WHAT YOU WILL DO
The copy must hold every line from the one with "Right middle lobe atelectasis" through the end of the listing, word for word, and must hold no pictures.

DATA FOR THIS EXERCISE
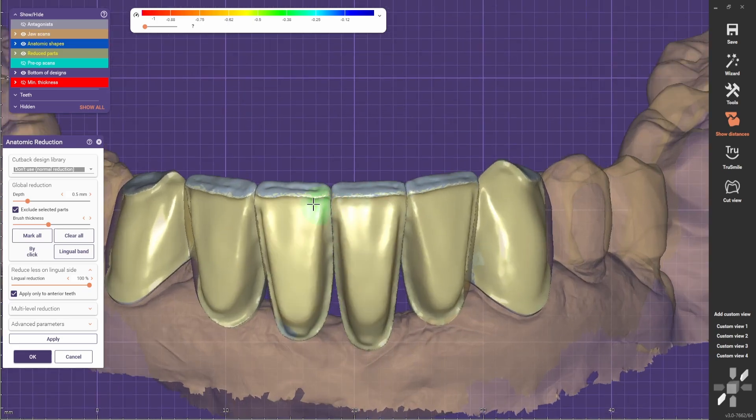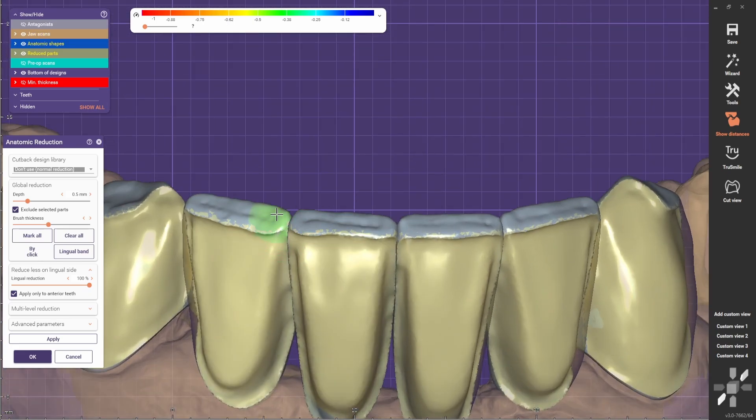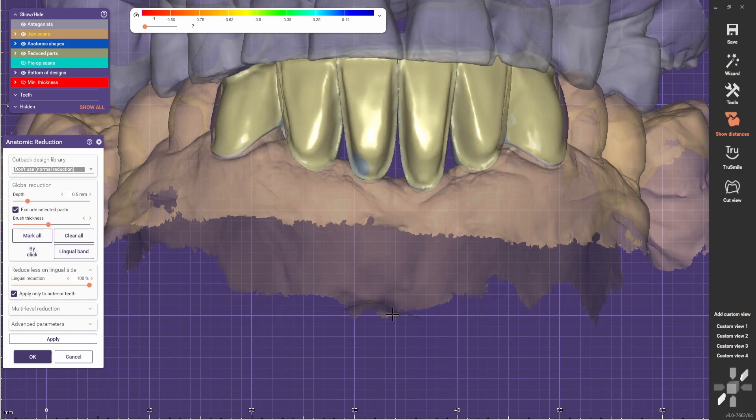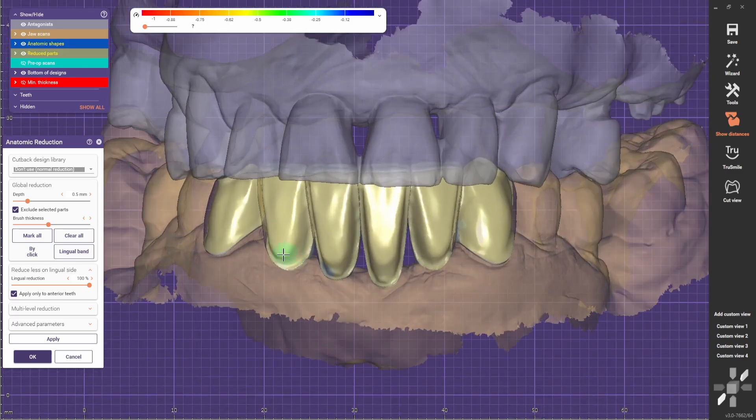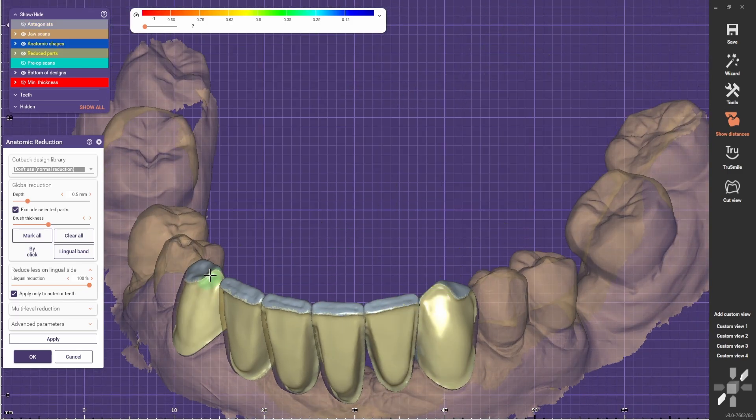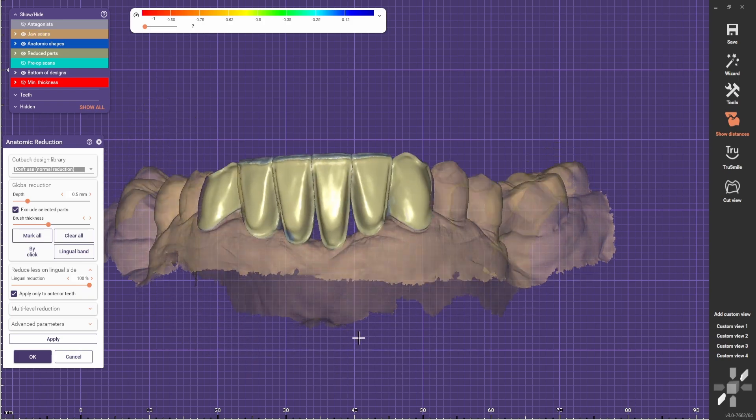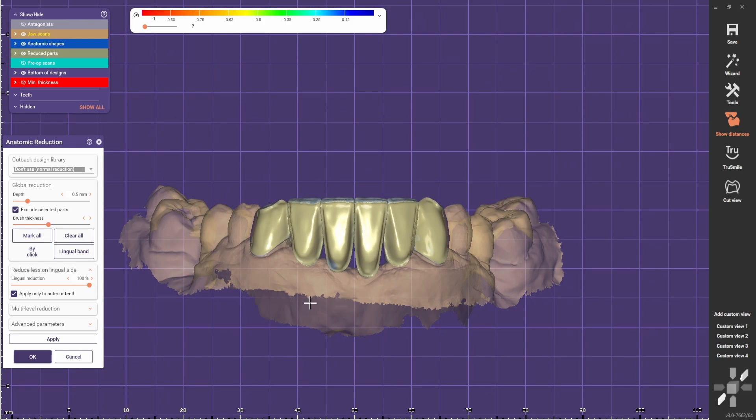If this wasn't such a heavy bite, I would cut back the incisal edges. But for this case, I would leave the incisal edges and the contact points in full contour. This provides extra protection for the layers of porcelain, otherwise it's going to chip off.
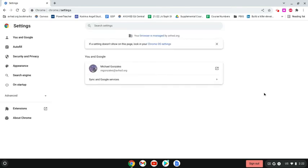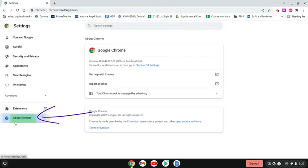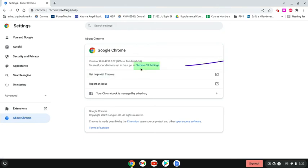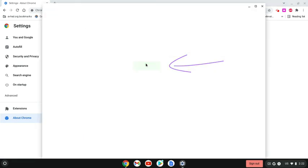Select about Chrome on the left, click on Chrome OS settings.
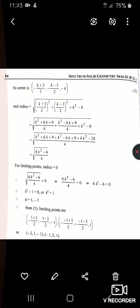With this, the topic is complete and the chapter on spheres is fully done. I will be sending you the exercises — complete them to finish this chapter. In the next lecture, we will start with the cone.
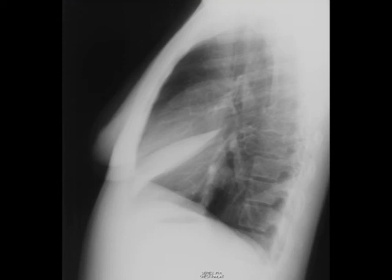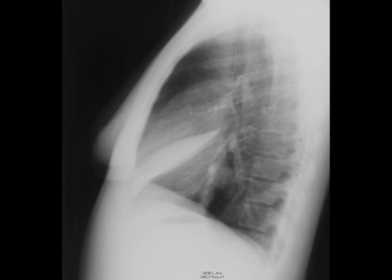Right middle lobe atelectasis can be caused by mucus plugging or something like that, but it can also be a more serious endobronchial lesion such as a cancer or a foreign body. Sometimes the right middle lobe bronchus can be compressed from something outside the bronchi. I just want to show you this case so you can see how subtle that can be on the frontal X-ray.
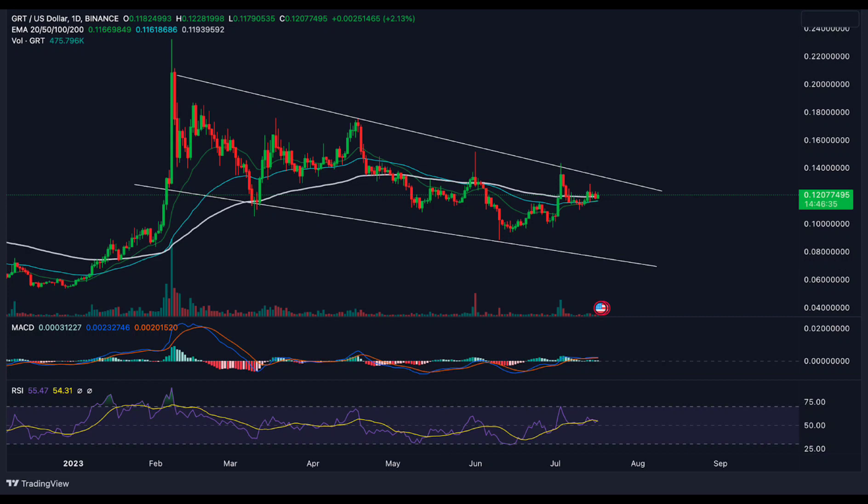The Relative Strength Index (RSI) for GRT is currently circling around the 55 level. The RSI line is above the SMA line, which implies a positive market attitude.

RESULT
Right middle lobe atelectasis can be caused by mucus plugging or something like that, but it can also be a more serious endobronchial lesion such as a cancer or a foreign body. Sometimes the right middle lobe bronchus can be compressed from something outside the bronchi. I just want to show you this case so you can see how subtle that can be on the frontal X-ray.
The Relative Strength Index (RSI) for GRT is currently circling around the 55 level. The RSI line is above the SMA line, which implies a positive market attitude.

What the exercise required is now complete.